外航海運事業において、ドライバルクにつきましては、新型コロナウイルス感染症拡大の影響により2020年前半は大きく低迷いたしましたが、年央には中国の経済活動再開に伴う輸送需要持ち直しなどにより一旦の回復を見た後、感染症拡大の第2波、第3波による影響の中、特に大型船市況は振れ幅の激しい展開が続きました。VLGC(大型LPG運搬船)につきましては、市況は総じて堅調に推移しました。
燃料油価格につきましては、当期の外航海運事業の平均消費価格(高硫黄C重油)がトン当たり上期約262ドル、下期約294ドル、期中平均で約280ドルと、前期比では約138ドル安、適合燃料油がトン当たり上期約373ドル、下期約364ドル、期中平均で約368ドルと、前期比では約207ドル安となりました。また対米ドル円相場は年度末にかけて米ドル金利上昇観測により円安が加速しましたが、上期平均107円67銭、下期平均104円67銭、期中平均で106円17銭と前期比3円25銭の円高となりました。
このような事業環境の下で、当連結会計年度の財政状態及び経営成績は以下のとおりとなりました。
a.財政状態
当連結会計年度末の総資産は、前連結会計年度末に比べ222億38百万円増加し2,707億60百万円となりました。 当連結会計年度末の負債合計は、前連結会計年度末に比べ169億45百万円増加し1,743億58百万円となりました。 当連結会計年度末の純資産合計は、前連結会計年度末に比べ52億93百万円増加し964億2百万円となりました。
b.経営成績
当連結会計年度の経営成績は、売上高1,384億54百万円(前期比6.7%減)、営業利益67億36百万円(前期比4.3%減)、経常利益55億32百万円(前期比1.0%増)、親会社株主に帰属する当期純利益は61億31百万円(前期比3.1%増)となりました。
セグメントごとの経営成績は次のとおりであります。
<外航海運事業>ケープ型撒積船(18万重量トン型)市況は、新型コロナウイルス感染症拡大の影響により年度初めより低水準で推移し、主要5航路平均用船料率が5月には2千ドルを割り込むなど、先行きへの懸念が高まりましたが、6月以降は、いち早く感染症拡大の封じ込めを宣言した中国の国内経済回復により鉄鉱石輸入をはじめとした輸送需要に市況は大きく押し上げられ、10月には3万4千ドル台後半に達しました。

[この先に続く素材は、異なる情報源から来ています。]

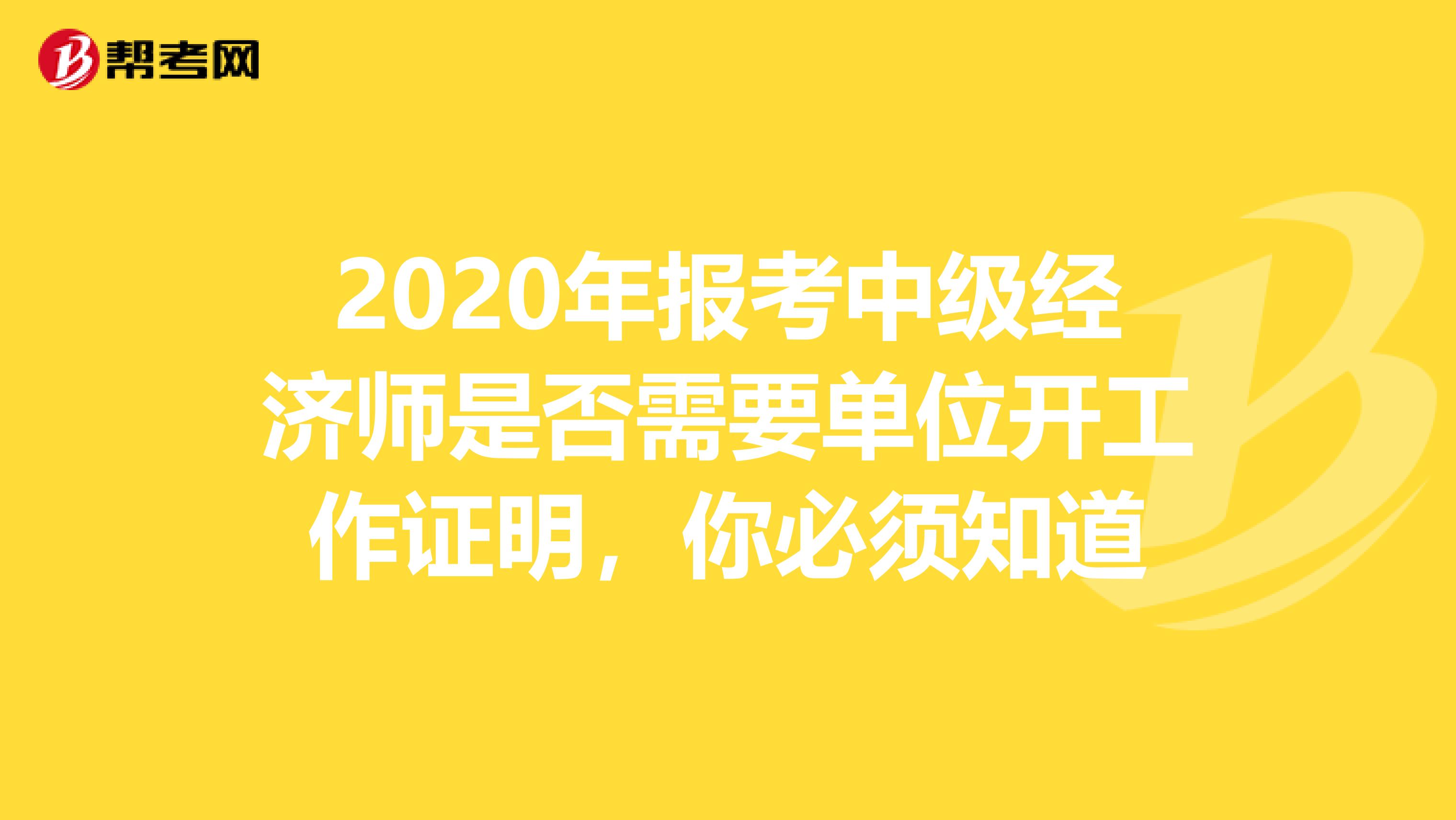 2020年报考中级经济师是否需要单位开工作证明，你必须知道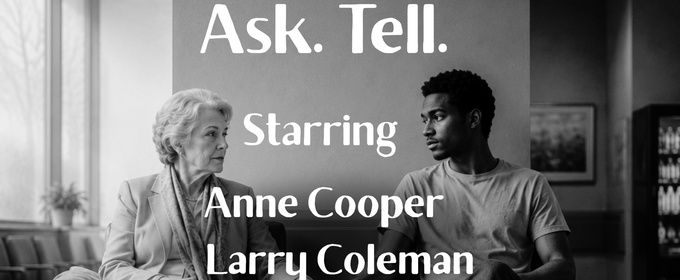 ASK. TELL. To Debut With Open-Door Playhouse
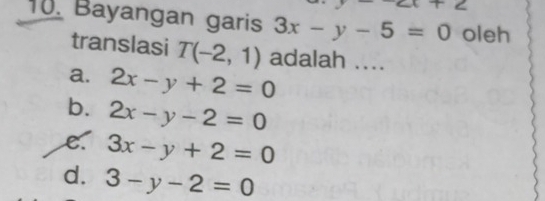 r< 
10. Bayangan garis 3x-y-5=0 oleh
translasi T(-2,1) adalah ....
a. 2x-y+2=0
b. 2x-y-2=0
e. 3x-y+2=0
d. 3-y-2=0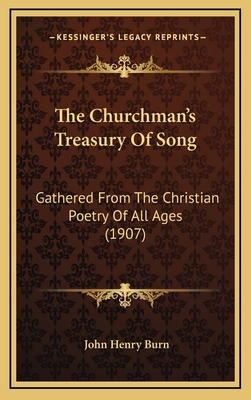 The Churchman's Treasury of Song: Gathered from... 1164422650 Book Cover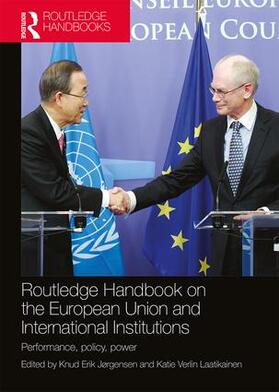 Jørgensen / Laatikainen |  Routledge Handbook on the European Union and International Institutions | Buch |  Sack Fachmedien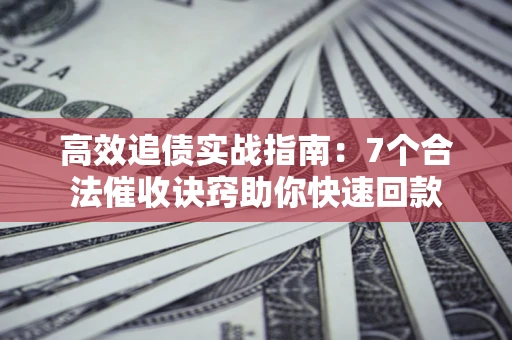 武汉高效追债实战指南：7个合法催收诀窍助你快速回款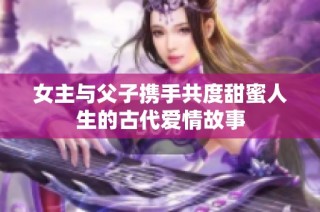 女主与父子携手共度甜蜜人生的古代爱情故事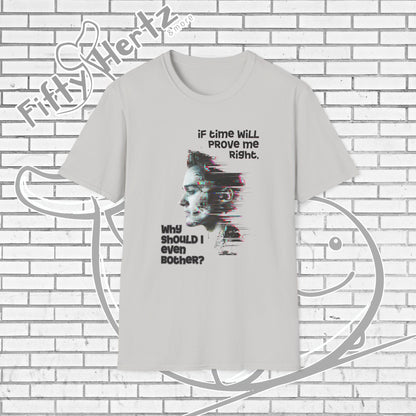 Why Bother? Unisex T-Shirt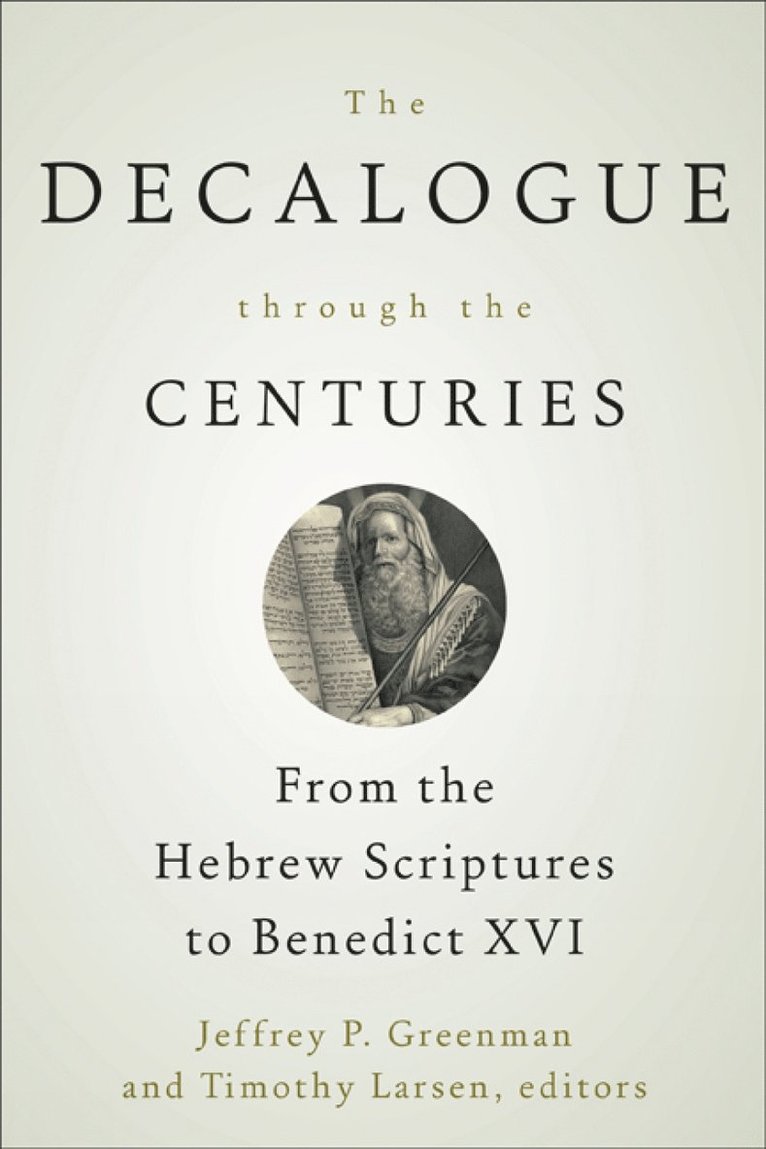 The Decalogue through the Centuries 1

このような環境下において当社では、主要荷主の日本製鉄株式会社をはじめとする国内外顧客と締結した中長期輸送契約により安定収益を確保し、また積極的に三国間トレード向けの集荷に努めた結果、感染拡大の一時的な影響を勘案した年度計画をほぼ達成することができました。

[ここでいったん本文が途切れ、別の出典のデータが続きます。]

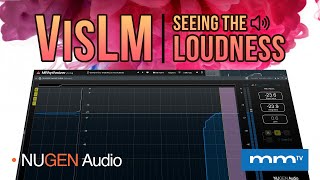 MMTV: NUGEN Audio - VisLM Seeing the Loudness | Eric Burgess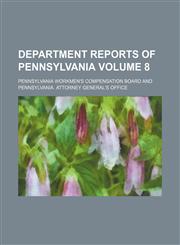 Department reports of Pennsylvania Volume 8,1153891646,9781153891646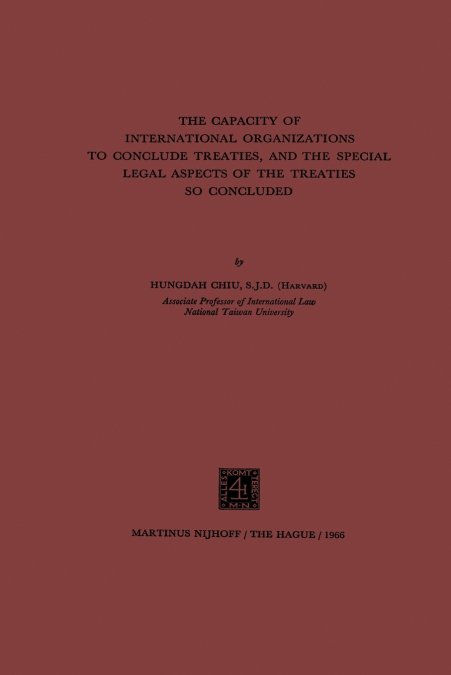 The Capacity of International Organizations to Conclude Treaties, and the Special Legal Aspects of the Treaties So Concluded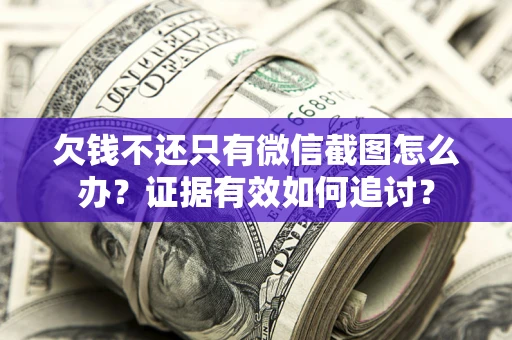 北京欠钱不还只有微信截图怎么办？证据有效如何追讨？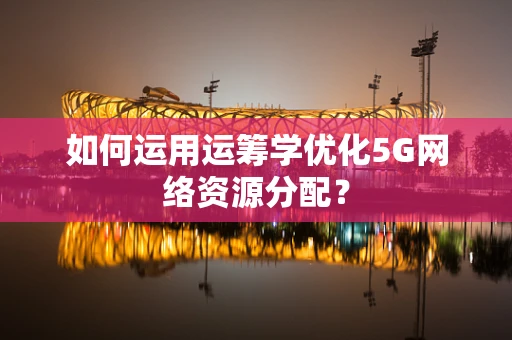 如何运用运筹学优化5G网络资源分配？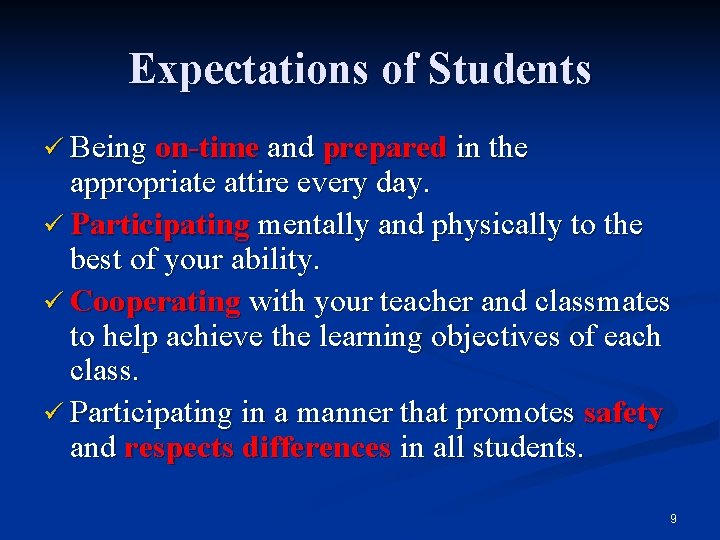 Expectations of Students ü Being on-time and prepared in the appropriate attire every day.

パナマックス型撒積船(7~8万重量トン型)市況は、感染拡大に伴う荷動き低迷で主要5航路平均用船料率が5月に日額5千ドル台まで落ち込むも、堅調な穀物輸送を中心に、8月には1万6千ドルを超える水準まで回復いたしました。その後は豪州出し中国向け石炭輸送の事実上の制限で市況は軟化傾向を辿るも、秋口からは中国が米国産の穀物輸入を拡大し、年明け以降は南米穀物輸送需要も本格化したことから、市況は2月中旬には2万ドル台へ急騰しました。こうした状況下、支配船腹を国内外顧客向けに投入し効率運航に努めましたが、年央までの市況低迷の影響を補うには至らず、当初の計画を達成することはできませんでした。

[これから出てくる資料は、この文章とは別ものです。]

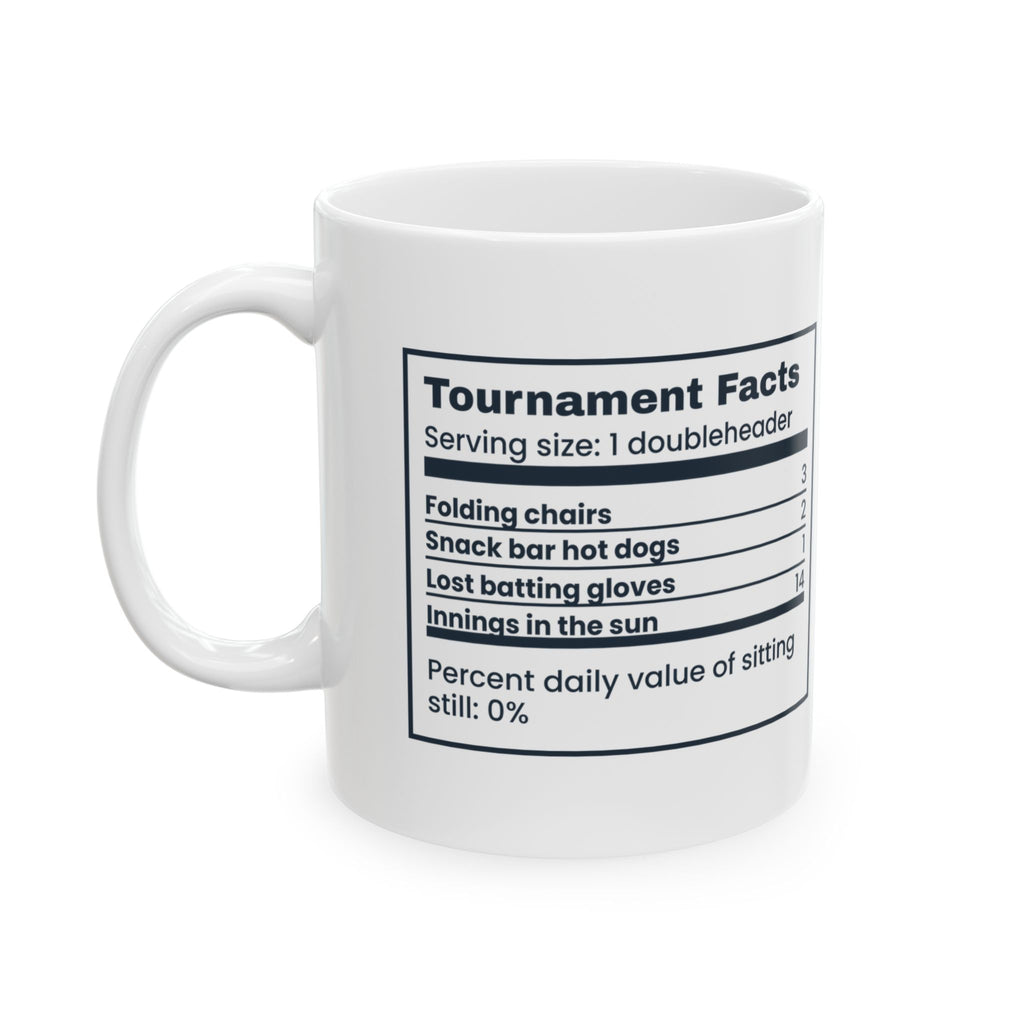 Funny Baseball Mom Coffee Mug Tournament Facts Label For Ball Moms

ハンディ型撒積船(2~6万重量トン型)市況は、感染拡大の影響から鋼材・原料関連の荷動きが減少し、上期は38,000重量トン型主要7航路平均用船料率が5月には4千ドル近辺まで落ち込みましたが、下期においては鋼材出荷や自動車生産再開による銅やニッケル等マイナーバルクの輸送需要の回復、北半球寒波による一般炭の荷動き活発化などを受けて反発しました。しかしながら、上期の落ち込みを補うまでには至らず、当初の計画を達成することができませんでした。
近海水域における小型船(1.6万重量トン型以下の船型)市況は、主力の中国向け輸出鋼材輸送量が国内粗鋼生産の減産傾向に感染拡大による需要減の影響が加わり上期は大きく減少、その後は中国国内需要に支えられ回復基調で推移するも鋼材輸送数量は前期比減少いたしました。年明け以降市況回復が顕在化いたしましたが、収益改善は限定的な範囲に留まり、通期では当初の計画を達成することはできませんでした。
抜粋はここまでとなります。